Und plötzlich ist die Botschaft Christi gar nicht mehr altertümlich!
Ja, Sein Reich ist nicht von dieser Welt und wir können es auch nicht gründen und proklamieren. Aber wir wissen seit über 2000 Jahren, wie es funktioniert. Und wenn es für uns wahr ist und wenn wir aus diesem Reich stammen, dann funktionieren wir genauso! Der Glaube an die Wahrheit dieses Reiches und dass ich schon jetzt ein Bürger dieses Reiches bin vermag meine Haltung in den hiesigen Reichen zu ändern und die daraus resultierende Haltung macht mich frei. Der Glaube befreit mich von den Fesseln dieser Welt, nicht weil er sie verschwinden lässt, sondern weil er meine Haltung dazu zu ändern vermag!
Und dann beginnt Sein Reich plötzlich in mir und dir, hier, mitten unter uns! Es ist angebrochen, als Er es verkündet hat. Es wächst mit jedem, der es annimmt, der die Haltung eines freien Menschen des Himmelreiches annimmt.

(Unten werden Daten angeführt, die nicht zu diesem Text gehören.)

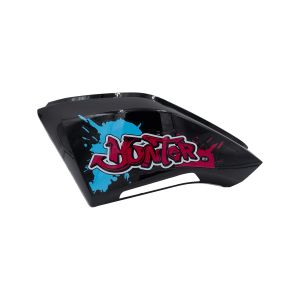 CUBIERTA LATERAL IZQUIERDA NEGRO/ROSA PARA VELOCIPEDO ELECTRICO / ECLJ-A017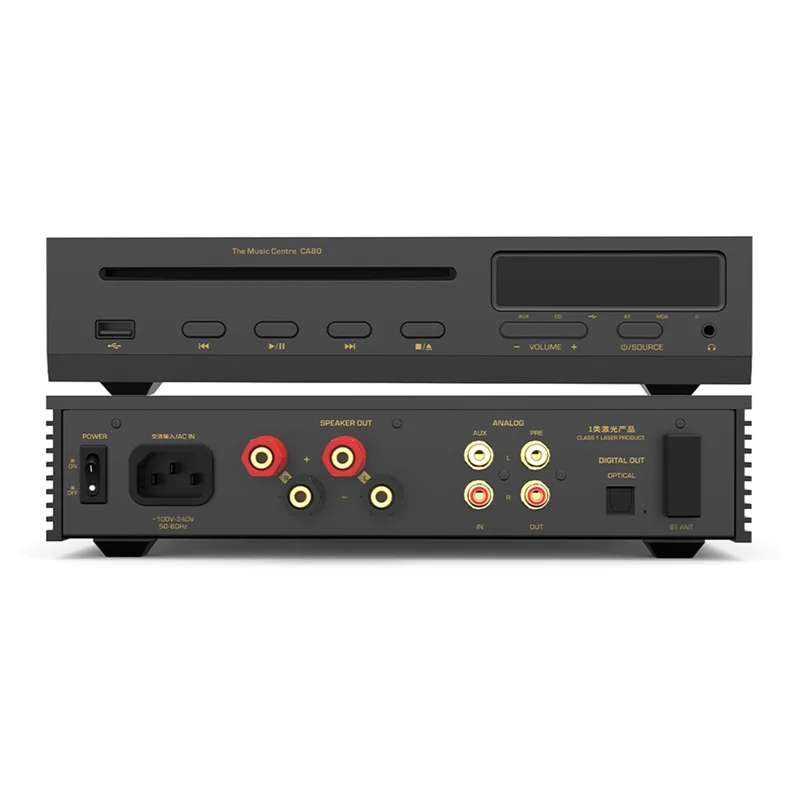 CD-плеер SHANLING CA80 MQA, привод Phillips Sanyo HD860 Laser ES9219MQ DAC RT6863 LTA8092, чип высокого разрешения, аудиовход Bluetooth
CD-плеер SHANLING CA80 MQA, привод Phillips Sanyo HD860 Laser ES9219MQ DAC RT6863 LTA8092, чип высокого разрешения, аудиовход Bluetooth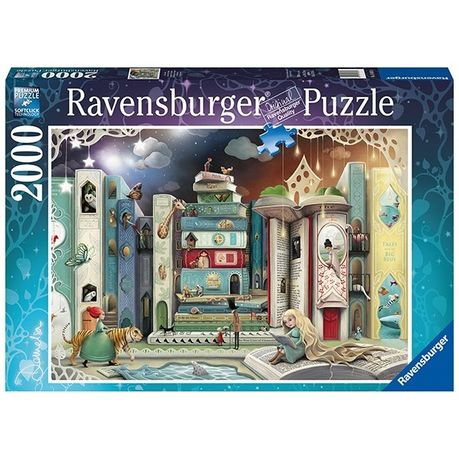 Ravensburger 2000 Piece Puzzle Novel Avenue Image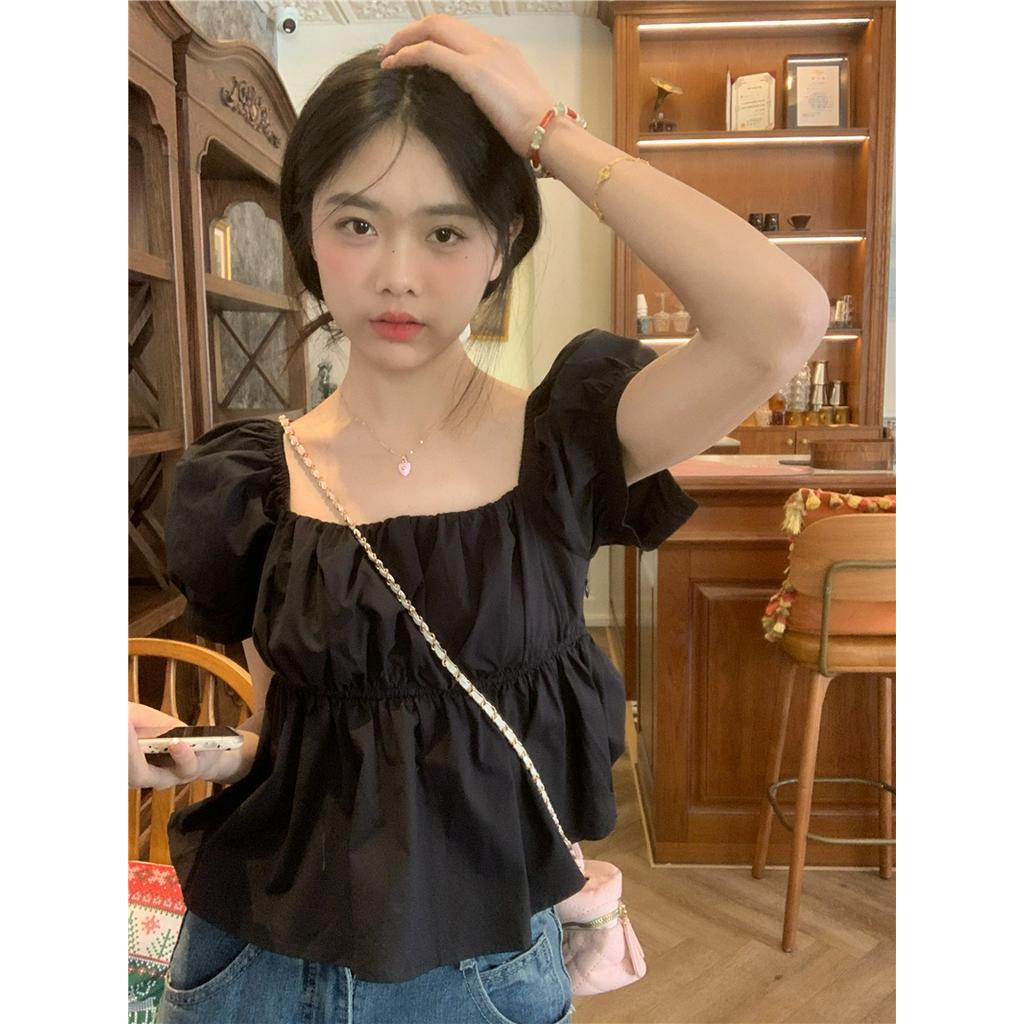 Áo Sơ Mi Ngắn Tay Trễ Vai Dáng Ôm Thời Trang 63063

Und trotzdem leben wir immer noch in dieser gefallenen, fehlerhaften Welt. Als Christen, als von Gott erwählte Kinder, sind wir – in Bekenntnis und Haltung – die Befreiten in einer Welt der Unfreiheit. Durch den Geist, den Gott in uns legte und uns mit auf den Weg gibt, konnten wir die Ketten sprengen und sprengen sie täglich aufs Neue. Denn wir sind täglich der Unfreiheit ausgesetzt. Wir müssen Dinge tun, die falsch sind und die auch durch „himmlische Haltung“ nicht richtig werden. Doch als Teil dieser Gemeinschaft, in der wir leben, müssen wir uns Entscheidungen fügen, weil das am Ende für die Gemeinschaft besser ist, als wenn wir uns lossagen und Widerstand leisten. Selbstverständlich gibt es auch Entscheidungen, die Widerstand erfordern. Besser ist es jedoch – soweit das möglich ist – der Gemeinschaft zu dienen und innerhalb dieses Handlungsrahmens seine Freiheit das Richtige zu tun auszuschöpfen. Und solche Freiheiten gibt es in jeder Situation. Mit dem Geist Gottes, mit dem Geist der Freiheit, kann ich in jeder Situation meine Freiheit bewahren oder wiederherstellen. Das Verhalten des Petrus im Kerker (Apostelgeschichte) belegt dies ebenso, wie das späte Leben des Paulus, nach seiner Gefangennahme und Auslieferung an Rom. Ja, selbst in der aussichtslosen Situation in der Jesus sich vor Pilatus befand, war Jesus in seiner Haltung frei!
Seid gewarnt von Leuten, die sich als eure Befreier ausgeben! Kein Mensch kann euch eine Freiheit geben, wie die, die von Gott kommt! Selbsternannte Befreier tauschen lediglich eure bisherigen Ketten durch neue aus.